Of course, not all financial restructurings of a company or group will necessarily involve a reduction in principal amounts owed under a loan. Prior to (and often in an attempt to avoid) the event of a debt release, a lender and borrower may agree to modify the terms of the existing debt through an “amend and extend” arrangement or a refinancing.
Under previous U.K. GAAP, a modification to the terms of the debt, or a replacement of the debt, of a borrower would not normally result in the borrower recognizing profits or losses for accounting purposes, even where the modification materially benefited the borrower.
This position has now changed. For accounting periods commencing on or after January 1, 2015, U.K. companies will not be permitted to prepare their accounts in accordance with “old” U.K. GAAP. Instead, entities that applied old U.K. GAAP1 must transition to an alternative accounting standard.
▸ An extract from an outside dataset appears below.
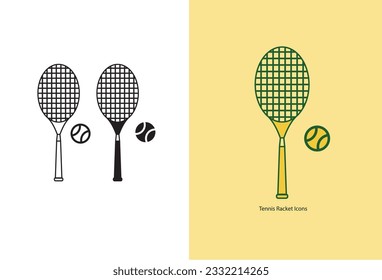 A vector illustration showcasing an isolated icon of crossed tennis rackets and a silhouette of a tennis ball, presented against a white background. The design incorporates a minimalistic and flat aes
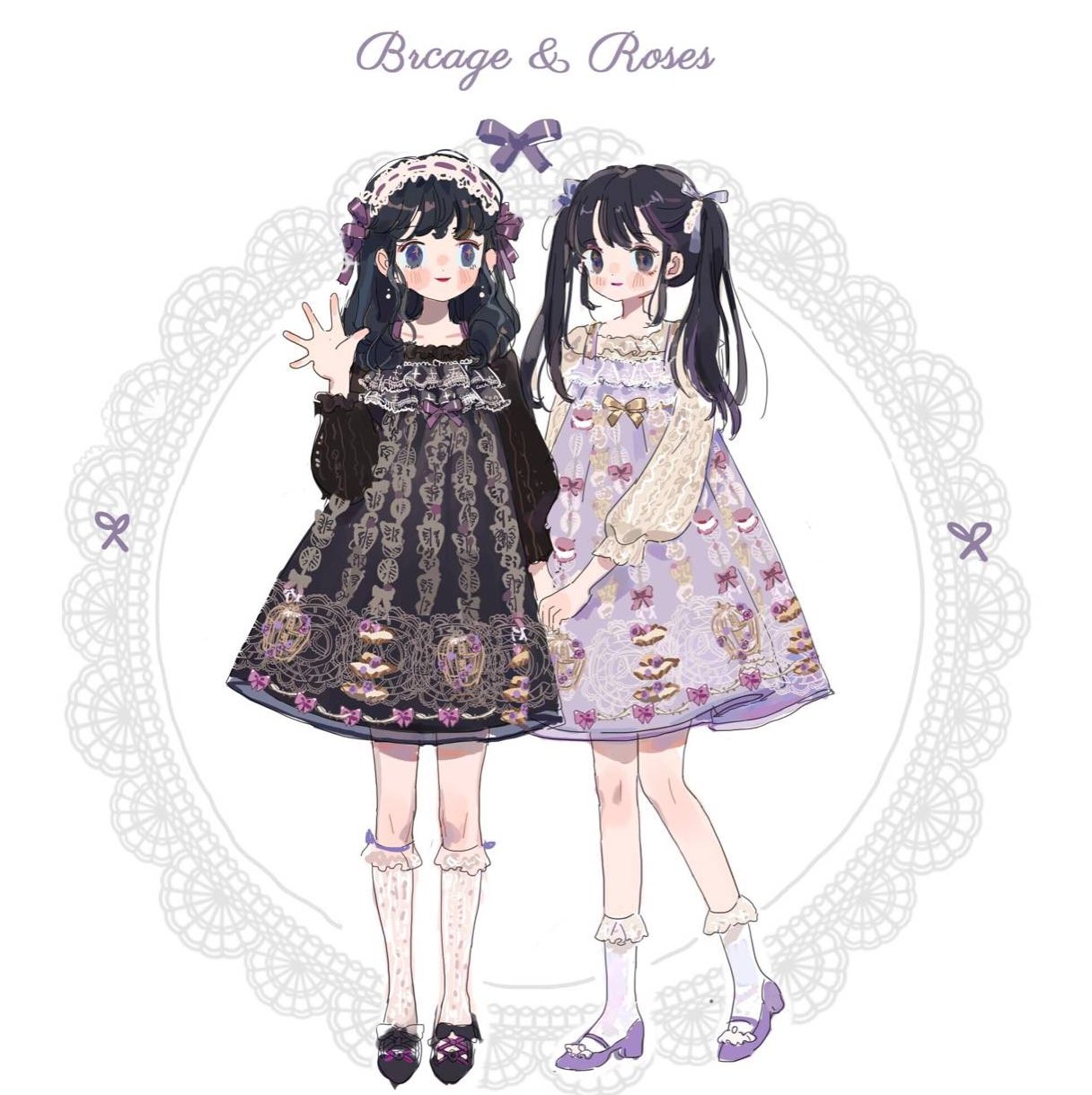 2girls birdcage black_dress black_eyes black_footwear black_hair black_shirt blue_eyes blush_stickers bow bow_legwear cage closed_mouth collarbone dress dress_bow english_text eyelashes food food-themed_clothes footwear_bow frilled_footwear frilled_hairband frilled_shirt frilled_socks frills full_body gold_bow hair_bow hair_ornament hairband hand_up heart heart_hair_ornament high_heels highres holding_hands kneehighs lace-trimmed_dress lace_bow lace_dress lace_sleeves lace_trim lipstick lolita_fashion lolita_hairband long_hair long_sleeves looking_at_viewer macaron makeup multiple_girls oreorainbow030 original over-kneehighs puffy_long_sleeves puffy_sleeves pumps purple_bow purple_dress purple_footwear purple_lips purple_trim ribbon-trimmed_hairband shirt short_dress sleeveless sleeveless_dress smile socks sparkling_eyes straight_hair strap tart_(food) thighhighs twintails wavy_hair white_background white_hairband white_socks yellow_shirt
It is expected that many U.K. companies will transition to Financial Reporting Standard (FRS) 102.
Under that accounting standard, where the terms of a financial liability of a company are substantially modified, the company must account for the modification as the cancellation of the original financial liability (i.e., the original liability is derecognized in the borrower’s accounts) and the recognition of a new financial liability. The new financial liability is initially recognized in the accounts at its fair value. Where the carrying value of the original liability exceeds the fair value of the new liability, the difference is recorded as profit in the borrower company’s accounts. In the case of a modification of distressed debt, this will typically result in accounting profit being realized by the debtor company, reflecting a relaxation of the terms of the debt (e.g., a change in interest rate, an extension of the maturity date, a softening of covenants) and/or a deterioration in the borrower company’s creditworthiness.
To take a basic example, assume that a U.K. company is the borrower under a loan of 100. The liability is recorded in its accounts at 100. The company agrees with its lender to amend the terms of the loan, such as extending the repayment date and making certain other changes. The principal amount due under the loan remains at 100 (i.e., there is no release of any part of the debt). The changes to the debt amount to a “substantial modification” for accounting purposes, and so the company derecognizes the 100 liability under the “old” loan in its accounts and recognizes a “new” loan at its fair value. As a result of the changes made to the loan and the current creditworthiness of the company, the fair value of the “new” loan is only 80. The company therefore recognizes a credit of 20 in its profit and loss account in the accounting period in which the changes to the debt take place. The company would then subsequently recognize total accounting debits of 20 from that period to maturity of the loan as the debt is written up to its face value of 100 in its accounts.
On basic U.K. tax principles, the accounting credit of 20 would be taxable in full in the period in which it arises. The accounting debits of 20 should be relievable for tax purposes over the remaining life of the loan; however, there will be a tax mismatch, since those debits may not be carried back to offset the one-off taxable credit of 20 at the outset.
3. The Corporate Rescue Exemptions
In 2013, HM Treasury announced wide-ranging proposals on the modernization of the U.K. tax treatment of corporate debt and derivatives. Those proposals included suggestions for changing how the U.K. tax legislation should address the restructurings of the debt of companies that are in financial distress.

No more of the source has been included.